Desde hace ya muchos años, la UNAM (Universidad Nacional Autónoma de México) viene padeciendo de graves problemas que eventualmente interrumpen sus actividades por largos periodos de tiempo; destacan las huelgas de trabajadores y conflictos de origen político o ideológicos que han desembocado en espectaculares paros estudiantiles.
Sin embargo, el mayor problema que enfrenta la UNAM es el deterioro del nivel académico, pues su principal tarea debe ser la de preparar profesionales competentes que sean capaces de aportar algo al desarrollo de la sociedad. No basta con egresar a algunos buenos profesionistas incluso brillantes, porque en todas las universidades siempre hay algunos buenos estudiantes, a pesar de la mala calidad de la escuela. La universidad pública debería garantizar que todos sus egresados fueran gente bien preparada, capaces de competir en el mercado laboral con los egresados de cualquier universidad privada o extranjera.
Quienes se llaman universitarios tienen diferentes intereses y por lo mismo desean transformar la universidad en diferentes direcciones. Es cierto que en la UNAM hay excelentes estudiantes, profesores, investigadores y trabajadores, pero también es cierto que muchos universitarios tienen intereses que se contraponen al verdadero espíritu de una universidad. Desde estudiantes que sólo quieren que se les facilite terminar una carrera universitaria, profesores e investigadores que hacen un trabajo de dudosa calidad y sólo desean conservar su empleo, trabajadores sin ganas de trabajar apoyados por un sindicato que sólo busca consolidar su poder dentro de la universidad, hasta autoridades que se preocupan más por cuidar su carrera política que por mejorar a la UNAM.

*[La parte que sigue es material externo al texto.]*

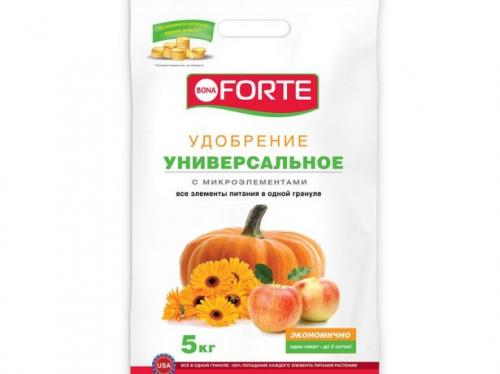 Как использовать удобрение осень. «Осенние» комплексные удобрения для садовых культур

En el reciente conflicto universitario que provocó un paro de diez meses salieron a relucir temas importantes para el desarrollo de la comunidad universitaria. Para muchos es evidente que es necesaria una transformación, desgraciadamente los universitarios no coinciden en hacia donde hay que transformar a la universidad. Hasta ahora todos los intentos de llevar a cabo una reforma dentro de la UNAM por parte de sus autoridades han fracasado estrepitosamente y han desembocado en graves trastornos para la vida universitaria. Los estudiantes y profesores paristas dicen que entre sus objetivos está el de elevar el nivel académico de la universidad, sin embargo todas sus acciones tienden a lograr precisamente lo contrario. Por ejemplo, defienden todas las reglas aberrantes que garantizan que hasta los peores estudiantes puedan terminar una carrera universitaria.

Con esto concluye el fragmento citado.